[[ Dataset entries open ]]

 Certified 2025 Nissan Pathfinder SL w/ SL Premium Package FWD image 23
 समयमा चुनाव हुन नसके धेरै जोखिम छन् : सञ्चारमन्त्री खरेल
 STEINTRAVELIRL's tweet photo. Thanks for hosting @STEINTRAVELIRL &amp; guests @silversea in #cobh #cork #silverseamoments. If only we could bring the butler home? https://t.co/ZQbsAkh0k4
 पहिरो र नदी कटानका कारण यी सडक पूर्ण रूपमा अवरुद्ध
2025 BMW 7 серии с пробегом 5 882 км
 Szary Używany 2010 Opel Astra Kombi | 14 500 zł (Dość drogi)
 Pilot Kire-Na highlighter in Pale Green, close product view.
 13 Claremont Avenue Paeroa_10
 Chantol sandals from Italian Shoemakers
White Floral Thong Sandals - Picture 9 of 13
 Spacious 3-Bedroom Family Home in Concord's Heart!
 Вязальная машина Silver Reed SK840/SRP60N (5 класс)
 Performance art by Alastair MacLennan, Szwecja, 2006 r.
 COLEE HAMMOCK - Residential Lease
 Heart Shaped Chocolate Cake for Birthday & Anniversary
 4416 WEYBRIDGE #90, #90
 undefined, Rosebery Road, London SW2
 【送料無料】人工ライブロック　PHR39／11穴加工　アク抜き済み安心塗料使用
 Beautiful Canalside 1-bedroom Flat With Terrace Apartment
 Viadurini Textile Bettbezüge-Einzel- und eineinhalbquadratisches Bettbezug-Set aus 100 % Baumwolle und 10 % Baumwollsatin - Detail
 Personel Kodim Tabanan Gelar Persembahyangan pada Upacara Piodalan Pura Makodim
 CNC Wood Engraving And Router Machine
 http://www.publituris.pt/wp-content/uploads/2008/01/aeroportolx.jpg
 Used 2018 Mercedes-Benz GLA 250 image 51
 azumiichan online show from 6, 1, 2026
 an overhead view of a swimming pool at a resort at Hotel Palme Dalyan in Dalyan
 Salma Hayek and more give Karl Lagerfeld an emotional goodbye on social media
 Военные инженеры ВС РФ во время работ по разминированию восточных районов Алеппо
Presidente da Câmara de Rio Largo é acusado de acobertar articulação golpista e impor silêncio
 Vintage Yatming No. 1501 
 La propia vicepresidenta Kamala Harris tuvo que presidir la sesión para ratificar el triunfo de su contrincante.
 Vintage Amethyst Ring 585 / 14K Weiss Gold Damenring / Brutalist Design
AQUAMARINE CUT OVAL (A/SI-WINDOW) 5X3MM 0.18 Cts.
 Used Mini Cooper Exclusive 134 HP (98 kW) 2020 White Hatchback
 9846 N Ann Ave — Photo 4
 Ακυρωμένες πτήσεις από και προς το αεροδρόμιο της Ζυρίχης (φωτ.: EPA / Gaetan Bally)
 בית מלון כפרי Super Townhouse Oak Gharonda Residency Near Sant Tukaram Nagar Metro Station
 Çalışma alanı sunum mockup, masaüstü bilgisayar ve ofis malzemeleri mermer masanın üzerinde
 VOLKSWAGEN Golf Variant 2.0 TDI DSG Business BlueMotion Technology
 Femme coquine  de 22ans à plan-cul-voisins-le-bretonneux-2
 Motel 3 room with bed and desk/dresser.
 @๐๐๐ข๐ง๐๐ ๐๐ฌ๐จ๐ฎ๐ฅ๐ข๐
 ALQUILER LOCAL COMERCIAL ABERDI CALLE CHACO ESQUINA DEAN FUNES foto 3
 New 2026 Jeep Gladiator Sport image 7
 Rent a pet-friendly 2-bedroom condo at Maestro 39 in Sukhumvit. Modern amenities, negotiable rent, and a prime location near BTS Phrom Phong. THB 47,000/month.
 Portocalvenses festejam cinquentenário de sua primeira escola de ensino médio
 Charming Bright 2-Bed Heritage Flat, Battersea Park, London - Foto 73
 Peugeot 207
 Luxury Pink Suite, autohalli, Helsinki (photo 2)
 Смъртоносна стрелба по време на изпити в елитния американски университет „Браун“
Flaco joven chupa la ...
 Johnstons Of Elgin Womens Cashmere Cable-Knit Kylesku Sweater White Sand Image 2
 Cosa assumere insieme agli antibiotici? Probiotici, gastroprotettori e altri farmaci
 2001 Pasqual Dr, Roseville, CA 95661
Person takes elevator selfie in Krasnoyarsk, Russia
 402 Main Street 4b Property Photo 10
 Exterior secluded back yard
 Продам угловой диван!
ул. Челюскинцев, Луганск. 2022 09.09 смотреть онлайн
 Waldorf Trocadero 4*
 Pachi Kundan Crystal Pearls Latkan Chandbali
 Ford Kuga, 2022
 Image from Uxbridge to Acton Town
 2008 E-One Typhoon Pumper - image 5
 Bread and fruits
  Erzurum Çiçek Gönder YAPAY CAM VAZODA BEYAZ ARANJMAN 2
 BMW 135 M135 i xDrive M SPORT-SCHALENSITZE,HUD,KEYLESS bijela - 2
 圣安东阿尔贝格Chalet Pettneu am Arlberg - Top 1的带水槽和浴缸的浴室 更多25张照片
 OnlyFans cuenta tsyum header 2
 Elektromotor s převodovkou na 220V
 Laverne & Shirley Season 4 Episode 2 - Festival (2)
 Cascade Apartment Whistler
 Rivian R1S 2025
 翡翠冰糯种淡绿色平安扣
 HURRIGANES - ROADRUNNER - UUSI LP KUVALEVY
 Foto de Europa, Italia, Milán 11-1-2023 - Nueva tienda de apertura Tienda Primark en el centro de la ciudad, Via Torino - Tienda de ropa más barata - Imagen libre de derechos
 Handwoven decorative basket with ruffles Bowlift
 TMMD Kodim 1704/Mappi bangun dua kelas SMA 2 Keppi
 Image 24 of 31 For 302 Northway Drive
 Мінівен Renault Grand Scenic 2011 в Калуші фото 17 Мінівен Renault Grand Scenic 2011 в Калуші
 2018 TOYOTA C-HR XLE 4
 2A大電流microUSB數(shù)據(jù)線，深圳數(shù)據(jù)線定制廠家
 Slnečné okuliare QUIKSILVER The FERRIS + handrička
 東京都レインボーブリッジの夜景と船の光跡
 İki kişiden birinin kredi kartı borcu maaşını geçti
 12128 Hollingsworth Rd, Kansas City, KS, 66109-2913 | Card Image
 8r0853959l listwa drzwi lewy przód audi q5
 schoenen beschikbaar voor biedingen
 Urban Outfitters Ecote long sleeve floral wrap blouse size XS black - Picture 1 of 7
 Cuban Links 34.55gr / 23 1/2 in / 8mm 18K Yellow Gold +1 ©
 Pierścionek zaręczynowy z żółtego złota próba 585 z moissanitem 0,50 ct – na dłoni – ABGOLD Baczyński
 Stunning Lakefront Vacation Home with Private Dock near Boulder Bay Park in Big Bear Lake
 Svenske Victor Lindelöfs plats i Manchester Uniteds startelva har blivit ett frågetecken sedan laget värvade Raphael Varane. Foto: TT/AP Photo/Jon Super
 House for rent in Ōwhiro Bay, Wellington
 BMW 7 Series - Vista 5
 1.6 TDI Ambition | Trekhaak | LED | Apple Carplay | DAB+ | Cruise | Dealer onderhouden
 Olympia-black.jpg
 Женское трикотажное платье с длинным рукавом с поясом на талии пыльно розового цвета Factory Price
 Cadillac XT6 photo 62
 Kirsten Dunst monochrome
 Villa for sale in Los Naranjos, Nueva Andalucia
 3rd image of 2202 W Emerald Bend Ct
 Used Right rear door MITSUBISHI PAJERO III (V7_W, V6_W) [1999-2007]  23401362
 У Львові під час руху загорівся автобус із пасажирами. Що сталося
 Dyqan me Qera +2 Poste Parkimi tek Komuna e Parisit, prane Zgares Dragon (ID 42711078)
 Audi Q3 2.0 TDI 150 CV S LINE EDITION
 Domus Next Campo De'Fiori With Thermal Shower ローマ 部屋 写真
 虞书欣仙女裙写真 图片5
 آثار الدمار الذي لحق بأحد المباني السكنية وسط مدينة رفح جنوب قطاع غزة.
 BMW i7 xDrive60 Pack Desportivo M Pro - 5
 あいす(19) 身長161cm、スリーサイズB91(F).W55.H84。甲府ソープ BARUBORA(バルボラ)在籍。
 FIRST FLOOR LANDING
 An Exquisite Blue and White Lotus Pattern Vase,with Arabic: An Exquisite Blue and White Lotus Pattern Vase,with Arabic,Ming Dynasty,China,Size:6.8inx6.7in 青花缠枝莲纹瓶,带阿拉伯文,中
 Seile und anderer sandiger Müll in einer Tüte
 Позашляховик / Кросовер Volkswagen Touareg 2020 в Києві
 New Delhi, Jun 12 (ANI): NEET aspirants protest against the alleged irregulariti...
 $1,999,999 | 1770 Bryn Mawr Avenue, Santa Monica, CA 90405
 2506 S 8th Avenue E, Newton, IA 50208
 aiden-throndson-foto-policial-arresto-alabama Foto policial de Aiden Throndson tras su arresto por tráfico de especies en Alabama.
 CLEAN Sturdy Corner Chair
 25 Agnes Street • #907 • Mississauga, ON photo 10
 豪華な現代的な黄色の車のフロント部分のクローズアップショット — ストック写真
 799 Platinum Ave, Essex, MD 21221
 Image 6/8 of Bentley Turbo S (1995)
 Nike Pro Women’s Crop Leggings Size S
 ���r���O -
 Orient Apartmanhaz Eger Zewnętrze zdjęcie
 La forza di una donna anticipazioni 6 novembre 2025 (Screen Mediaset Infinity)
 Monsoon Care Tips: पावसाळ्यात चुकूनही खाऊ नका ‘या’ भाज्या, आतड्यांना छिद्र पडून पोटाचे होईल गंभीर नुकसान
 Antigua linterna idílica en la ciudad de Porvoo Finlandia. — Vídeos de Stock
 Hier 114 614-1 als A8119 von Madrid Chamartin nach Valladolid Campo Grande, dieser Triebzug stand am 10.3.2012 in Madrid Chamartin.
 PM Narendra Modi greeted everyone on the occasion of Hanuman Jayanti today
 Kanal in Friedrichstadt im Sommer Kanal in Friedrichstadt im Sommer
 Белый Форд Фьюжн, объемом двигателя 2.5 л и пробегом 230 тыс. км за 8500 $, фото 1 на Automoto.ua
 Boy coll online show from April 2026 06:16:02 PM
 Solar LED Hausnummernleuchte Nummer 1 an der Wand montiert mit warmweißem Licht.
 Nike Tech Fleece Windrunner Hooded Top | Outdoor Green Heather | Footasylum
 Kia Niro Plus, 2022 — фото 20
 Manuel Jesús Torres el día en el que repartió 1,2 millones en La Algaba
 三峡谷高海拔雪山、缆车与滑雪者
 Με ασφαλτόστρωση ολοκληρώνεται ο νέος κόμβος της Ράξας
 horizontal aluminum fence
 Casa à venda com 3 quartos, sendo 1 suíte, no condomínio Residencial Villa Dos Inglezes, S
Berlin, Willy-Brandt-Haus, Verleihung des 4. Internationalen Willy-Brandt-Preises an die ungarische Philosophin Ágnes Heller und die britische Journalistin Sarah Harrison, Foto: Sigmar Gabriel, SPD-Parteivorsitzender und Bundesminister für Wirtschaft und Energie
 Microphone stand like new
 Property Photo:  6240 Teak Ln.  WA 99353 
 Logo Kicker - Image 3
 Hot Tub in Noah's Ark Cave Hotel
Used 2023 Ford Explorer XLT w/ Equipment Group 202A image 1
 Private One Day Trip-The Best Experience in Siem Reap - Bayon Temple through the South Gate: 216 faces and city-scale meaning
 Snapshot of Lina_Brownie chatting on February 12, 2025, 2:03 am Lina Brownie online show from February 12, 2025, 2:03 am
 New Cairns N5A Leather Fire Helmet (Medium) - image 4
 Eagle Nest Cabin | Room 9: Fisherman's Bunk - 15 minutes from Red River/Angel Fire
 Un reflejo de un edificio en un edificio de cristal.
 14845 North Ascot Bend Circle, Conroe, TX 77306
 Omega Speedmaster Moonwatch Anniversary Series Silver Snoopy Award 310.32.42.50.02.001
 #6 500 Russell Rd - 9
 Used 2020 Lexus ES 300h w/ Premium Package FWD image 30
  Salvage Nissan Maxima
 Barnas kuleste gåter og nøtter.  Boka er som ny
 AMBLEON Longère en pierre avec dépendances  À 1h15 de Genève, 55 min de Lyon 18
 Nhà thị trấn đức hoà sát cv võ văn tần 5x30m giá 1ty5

[[ Dataset entries closed ]]

● **To do**
When a line in the records above holds "Super", that line is to be reported.

● **Answer for this exercise**
 בית מלון כפרי Super Townhouse Oak Gharonda Residency Near Sant Tukaram Nagar Metro Station
 Svenske Victor Lindelöfs plats i Manchester Uniteds startelva har blivit ett frågetecken sedan laget värvade Raphael Varane. Foto: TT/AP Photo/Jon Super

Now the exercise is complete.